Juan Carlos Rojas-Sánchez receives an ERC Consolidator grant for his work in spintronics

Manipulating the magnetization of materials on extremely short time scales, in the picosecond range, is a highly coveted grail for information technologies. The complex magneto-optical techniques currently used are difficult to integrate spintronics into devices. To overcome these constraints, Juan Carlos Rojas-Sánchez of the Institut Jean Lamour (CNRS/Université de Lorraine) and one of the PIs of the ULTIMATE-I project has received an ERC Consolidator grant for his Magnetallien project.

In spintronics, components are controlled by a quantum parameter of electrons: the spin. This approach promises much more powerful and energy-efficient integrated circuits and components but faces many technical challenges.

“To achieve this goal, I am interested in materials where there is a strong coupling between spin and orbit,” explains Juan Carlos Rojas-Sánchez, a CNRS researcher at the Institut Jean Lamour (CNRS/Université de Lorraine). For example, when an electric current is passed through a platinum nanowire, it scatters the electrons in opposite directions according to their spin orientation, creating a spin current that can be injected into an adjacent magnetic layer. This phenomenon has applications such as memories, sensors or the realization of logic circuits.
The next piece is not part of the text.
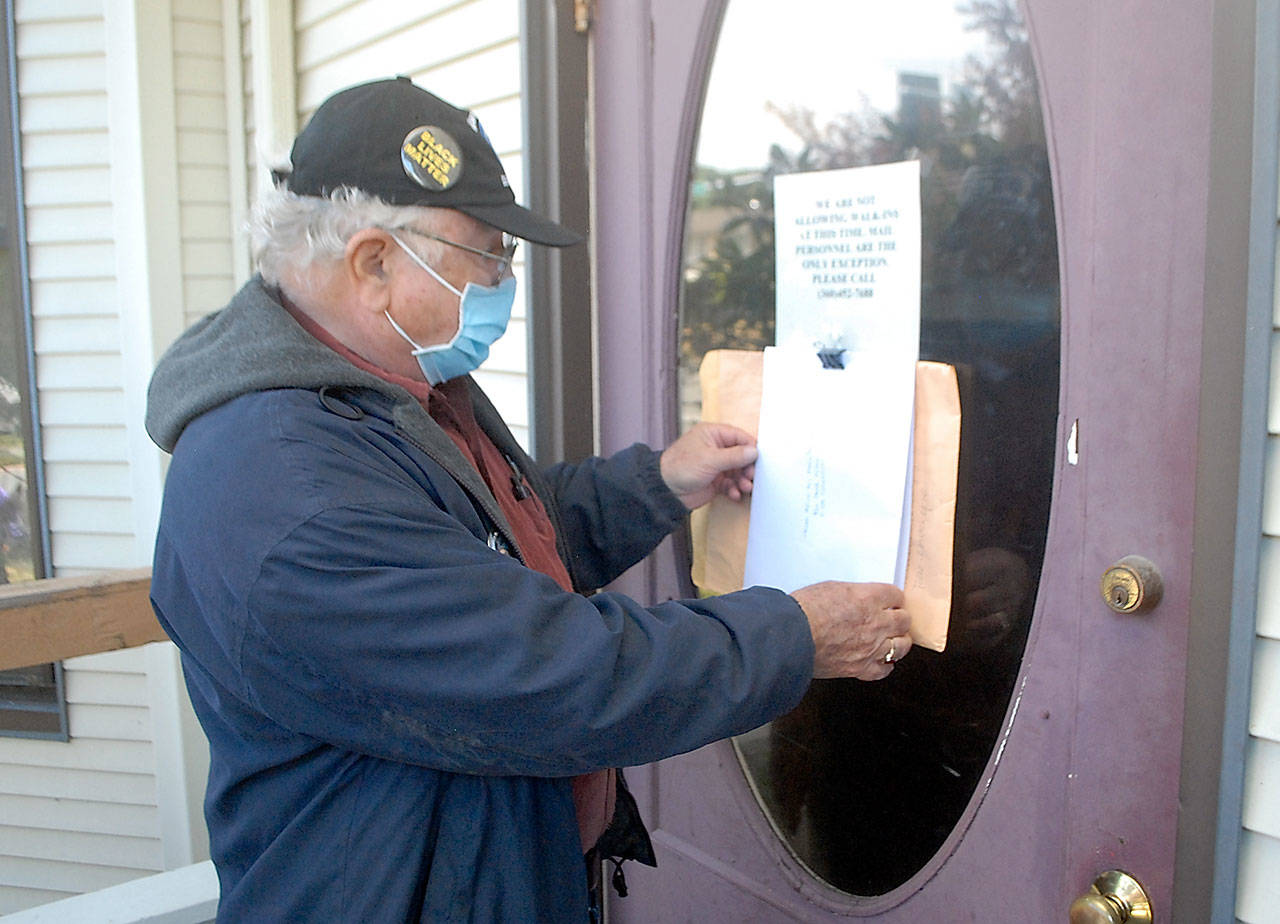 Tim Wheeler of Sequim, acting chairman of the non-partisan Voices for Health and Healing, attaches an envelope containing a letter on the front door of the building housing the Port Angeles office of U.S. Rep. Derek Kilmer on Thursday, July 23. The letter, signed by reportedly some 120 people, expressed disappointment in Kilmers progress in promoting universal health care, protection of Social Security and efforts to contain military spending, in particular the expansion of the U.S. Navys Growler aircraft training program at Naval Air Station Whidbey Island. Photo by Keith Thorpe/Olympic Peninsula News Group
Different approaches are envisaged to study and control this key ingredient: the spin-orbit coupling. For example, by generating a spin current in a thin layer of magnetic material and injecting it into a neighbouring layer. Understanding and exploiting this phenomenon on the picosecond time scale remains a challenge. It is currently only possible to obtain a signal of up to a hundred gigahertz using lasers and particularly “heavy” optical means,” notes Juan Carlos Rojas-Sanchez. I want to reduce the cost and size of the devices by exploiting new physical systems that use spin-orbit interaction.

To this end, he has set up the MAGNETALLIEN project, for which he has just been awarded this ERC Consolidator grant.